Exercise requirements
When copying the records below, keep every word as it is and drop the images.

Records shown
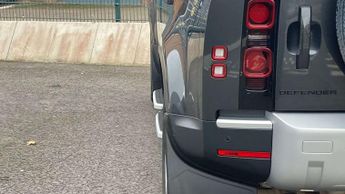 Land Rover Defender 110 Diesel SE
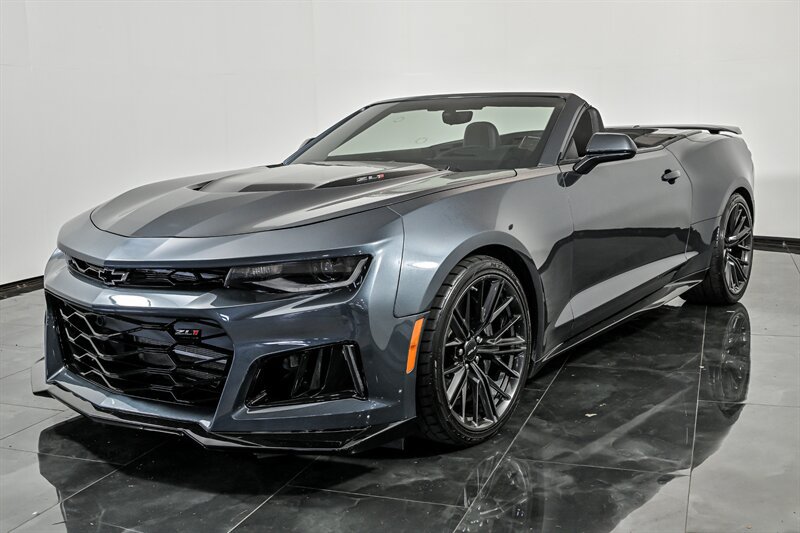 Used 2023 Chevrolet Camaro ZL1 RWD image 5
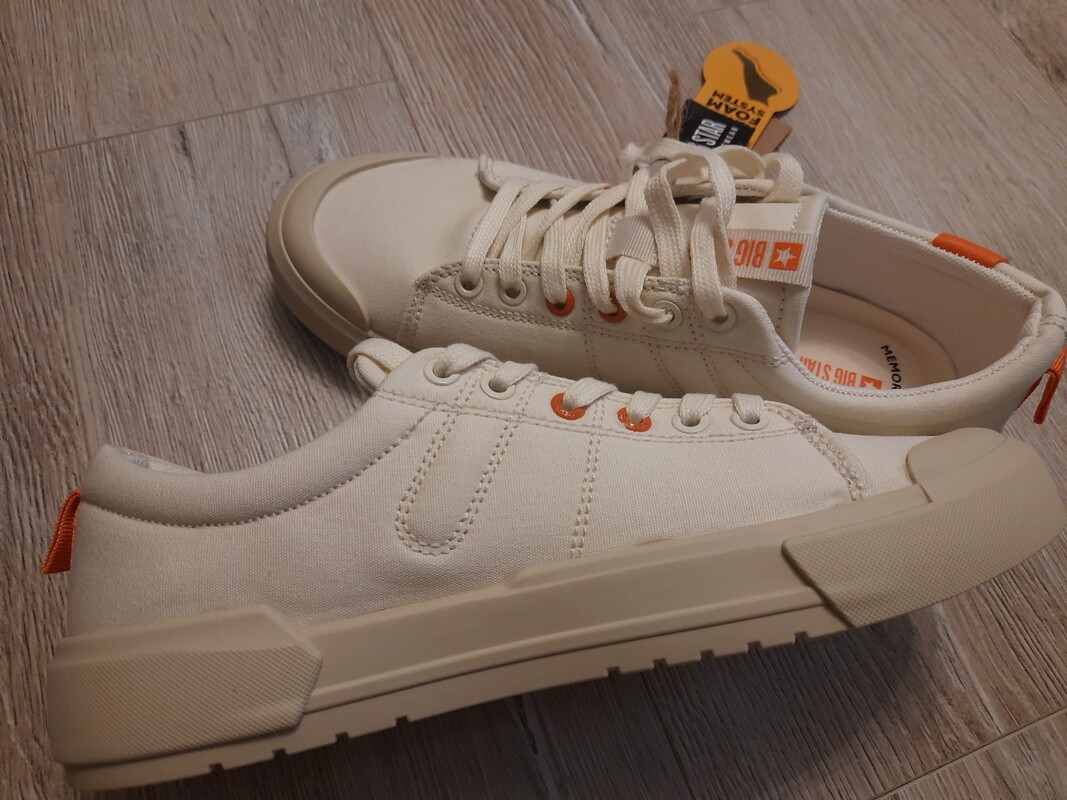 Elbląg Sprzedam świetne sneekersy Big Star 
rozm.41,wg producenta wkładka 26 cm. 
Bardzo wygodna wkładka. 
Nowe z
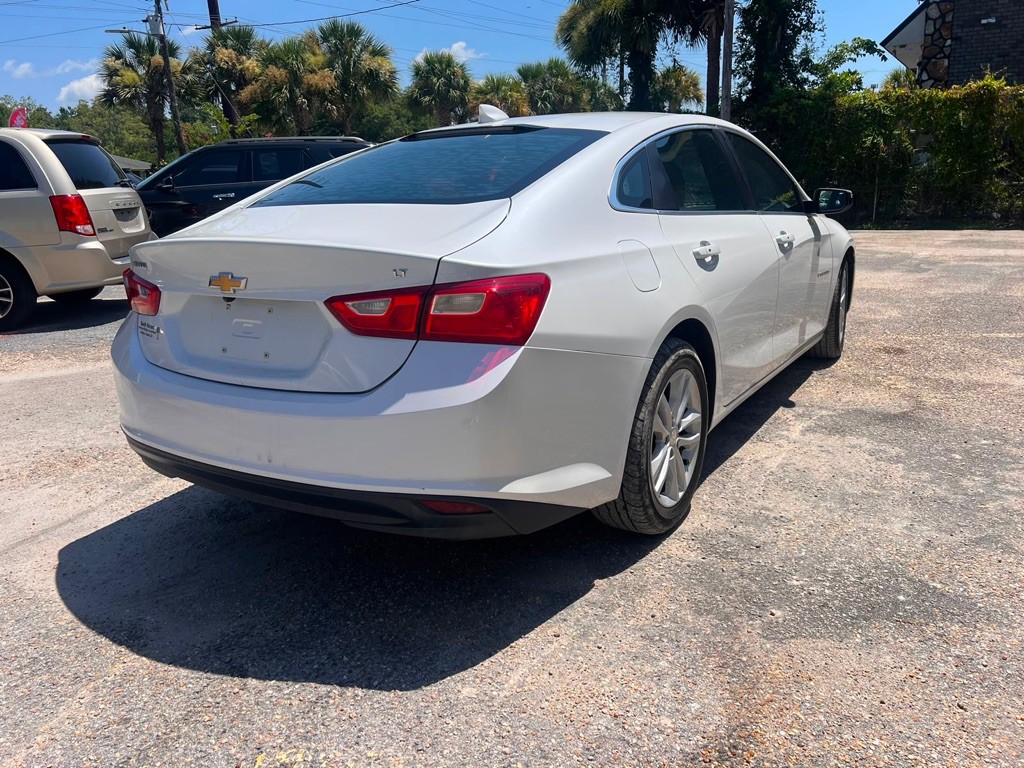2016 Chevrolet Malibu Image 6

Task response
 Land Rover Defender 110 Diesel SE
 Used 2023 Chevrolet Camaro ZL1 RWD image 5
 Elbląg Sprzedam świetne sneekersy Big Star 
rozm.41,wg producenta wkładka 26 cm. 
Bardzo wygodna wkładka. 
Nowe z
2016 Chevrolet Malibu Image 6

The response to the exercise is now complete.